__WORK INSTRUCTION__. Make an exact copy of the data below, leaving out every picture.

__DATASET EXCERPT__.
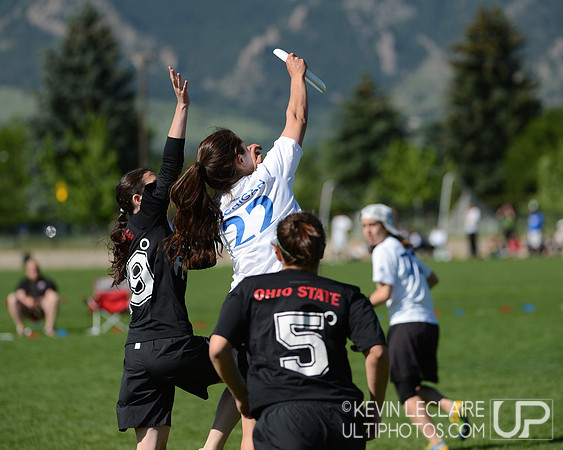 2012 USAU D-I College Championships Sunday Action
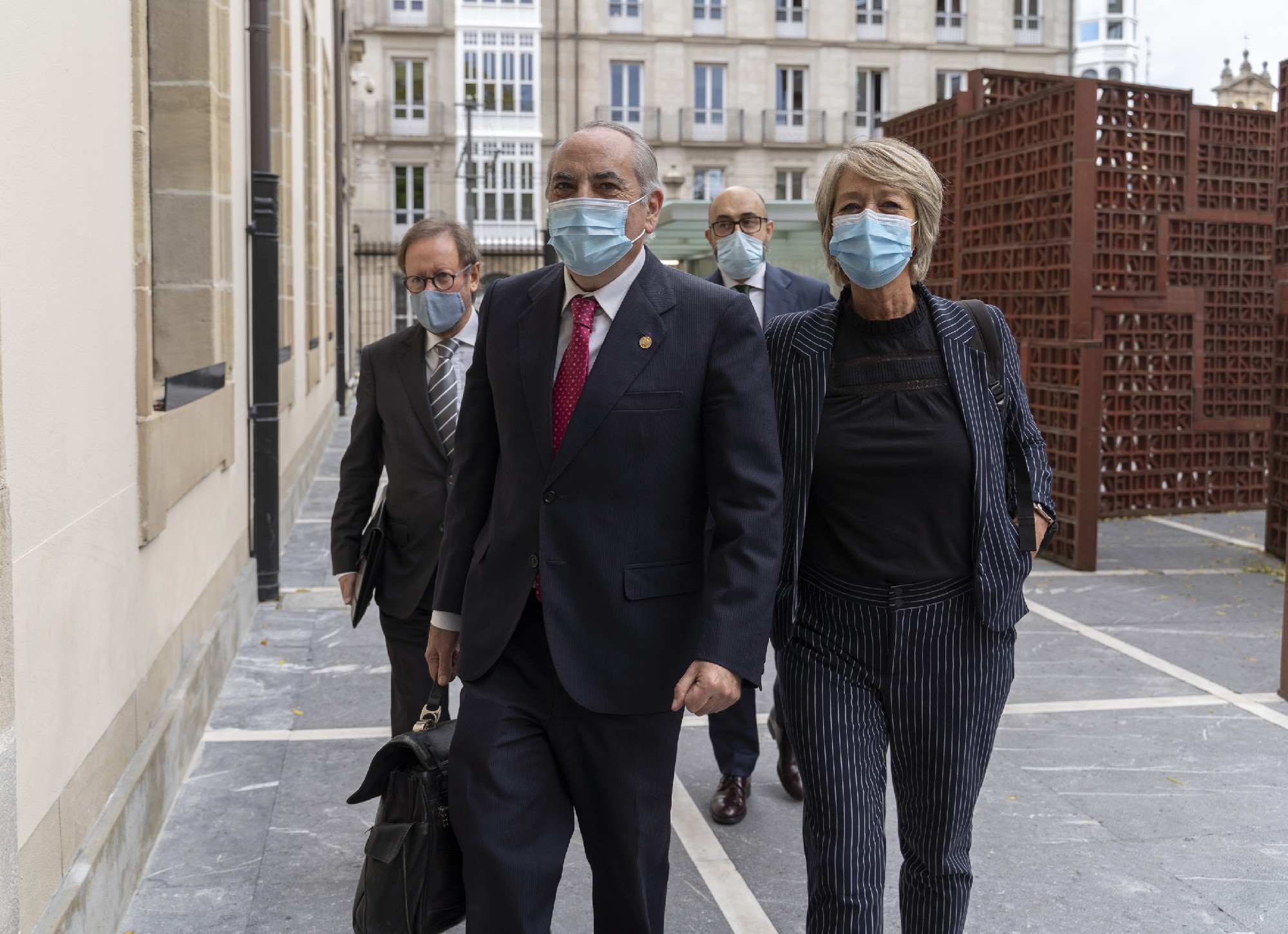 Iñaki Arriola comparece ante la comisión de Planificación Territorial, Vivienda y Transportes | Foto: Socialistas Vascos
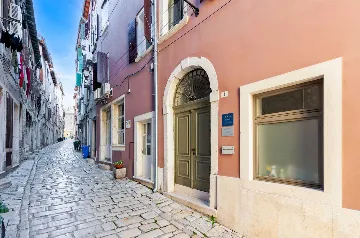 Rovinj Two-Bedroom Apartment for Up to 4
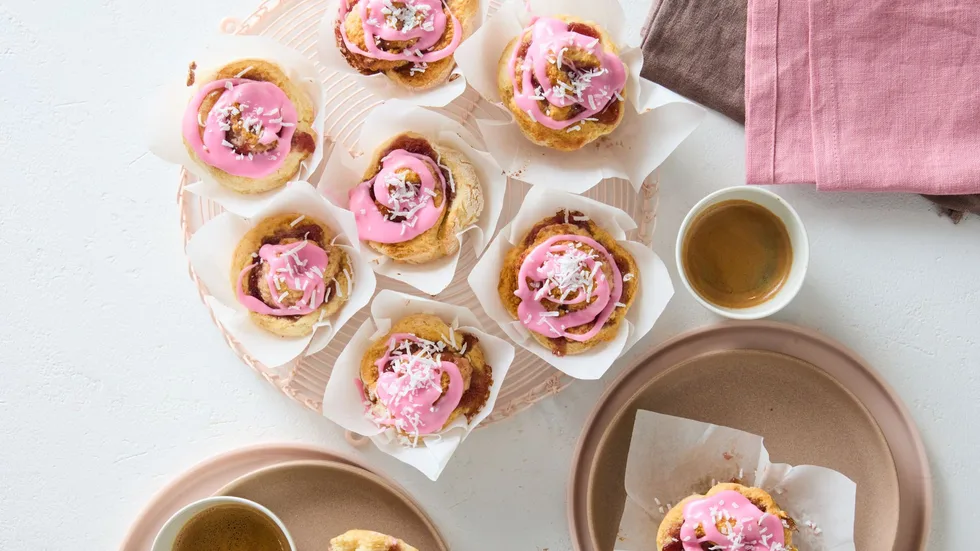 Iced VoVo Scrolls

__EXERCISE RESPONSE__.
 2012 USAU D-I College Championships Sunday Action
 Iñaki Arriola comparece ante la comisión de Planificación Territorial, Vivienda y Transportes | Foto: Socialistas Vascos
 Rovinj Two-Bedroom Apartment for Up to 4
 Iced VoVo Scrolls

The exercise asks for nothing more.